Lemongrass Chicken Soup

Prep Time: 10

Cooking Time: 75

Ingredients

  • 2 pounds skinless chicken legs
  • 4 lemongrass stalks, white and pale-yellow parts only, smashed and chopped
  • 4 scallions, halved crosswise
  • 1 onion, halved lengthwise
  • 2 ounces ginger, ½ thinly sliced and ½ julienned
  • 1 fresh Thai or serrano chile, seeded
  • 1 teaspoon black peppercorns
  • 10 cups water
  • 5 stems fresh cilantro, plus 1/3 cup leaves
  • 3 stems fresh mint, plus ¼ cup thinly sliced leaves
  • 1 ½ tablespoons fish sauce
  • 1 cup mung bean sprouts

Instructions

  1. Place chicken, lemongrass, scallions, onions, sliced ginger, chile, peppercorns, and water in a large pot.
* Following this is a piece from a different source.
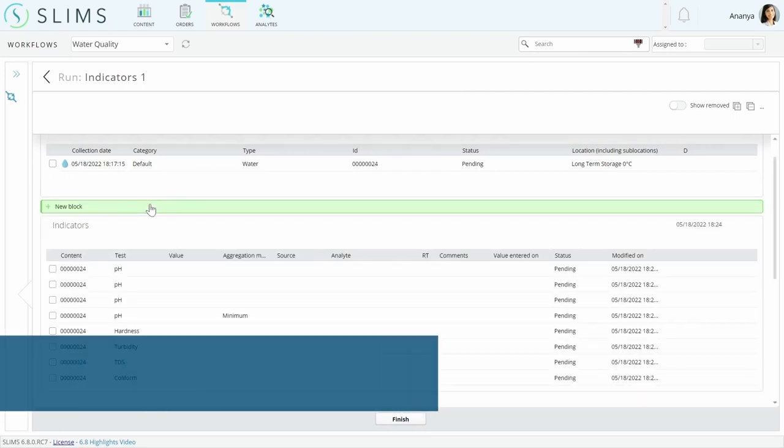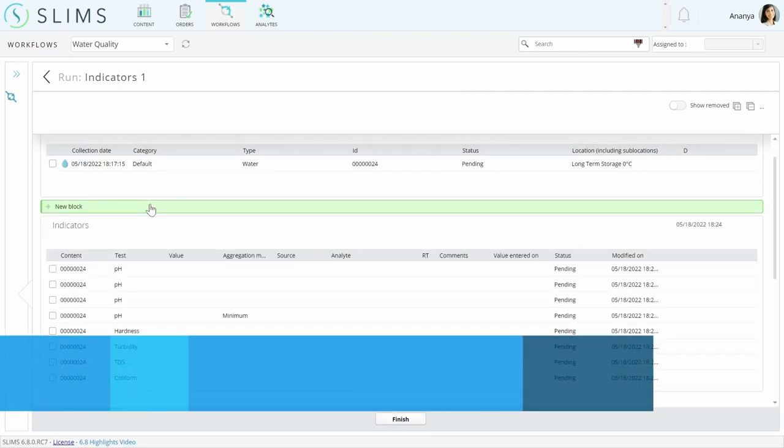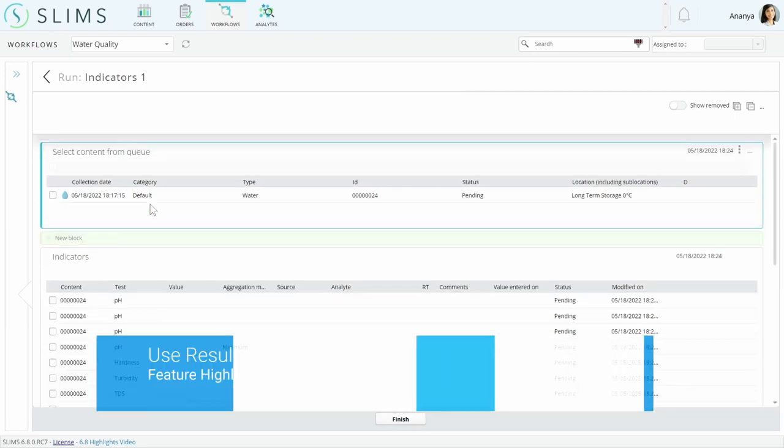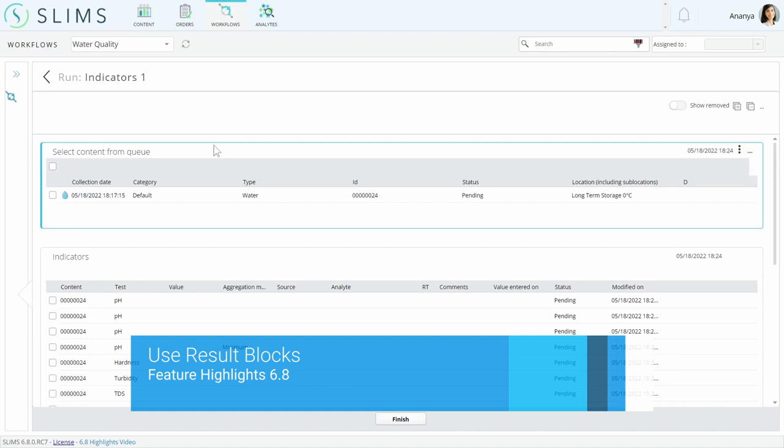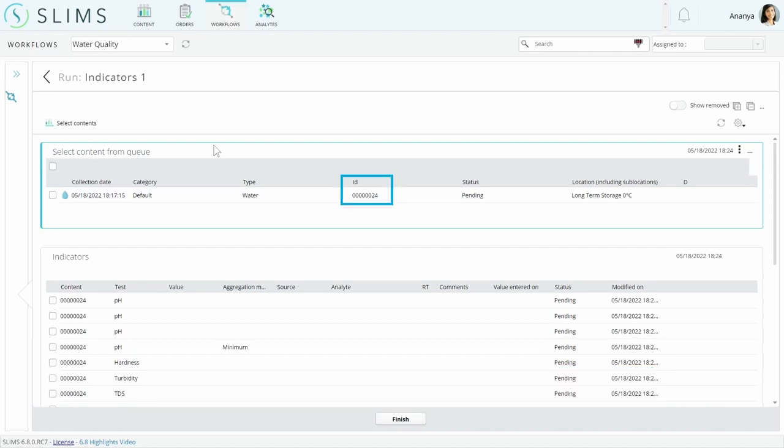Results can be collected in a results block in 6.8, which is a block that requires a linked content block. Here, we're using the workflow's select content from queue step so that any content in the protocol run from the order is linked to this block.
Cover and bring to a simmer. Uncover partially, and gently simmer for 1 hour. 
  2. Add cilantro and mint stems, and simmer for 15 minutes. Add fish sauce, and strain through a cheesecloth-lined sieve. Reserve broth and chicken. Discard remaining solids. Shred chicken meat, and discard bones. Refrigerate broth and chicken separately for at least 4 hours (or overnight). 
  3. Skim fat from broth and reheat broth. Combine chicken, julienned ginger, cilantro leaves, thinly sliced mint, and bean sprouts in a bowl. Divide broth among bowls and serve with chicken mixture on the side.  

Adapted from Martha Stewart Test Kitchen

Nutrition Facts

6 servings per container

Serving Size 1/6 Recipe

Amount Per Serving
Calories 190
% Daily Value*
Total Fat 9g 12%
Saturated Fat 2g 10%
Trans Fat 0 0%
Cholesterol 105mg 35%
Sodium 820mg 36%
Total Carbohydrate 7g 3%
Dietary Fiber 2g 7%
Total Sugars 1g 0%
Includes 0 of Added Sugars 0%
Protein 27g 54%
Vitamin D 0mcg 0%
Calcium 40mg 4%
Iron 4mg 20%
Potassium 194mg 4%

* The % Daily Value (DV) tells you how much a nutrient in a serving of food contributes to a daily diet. 2,000 calories a day is used for general nutrition advice.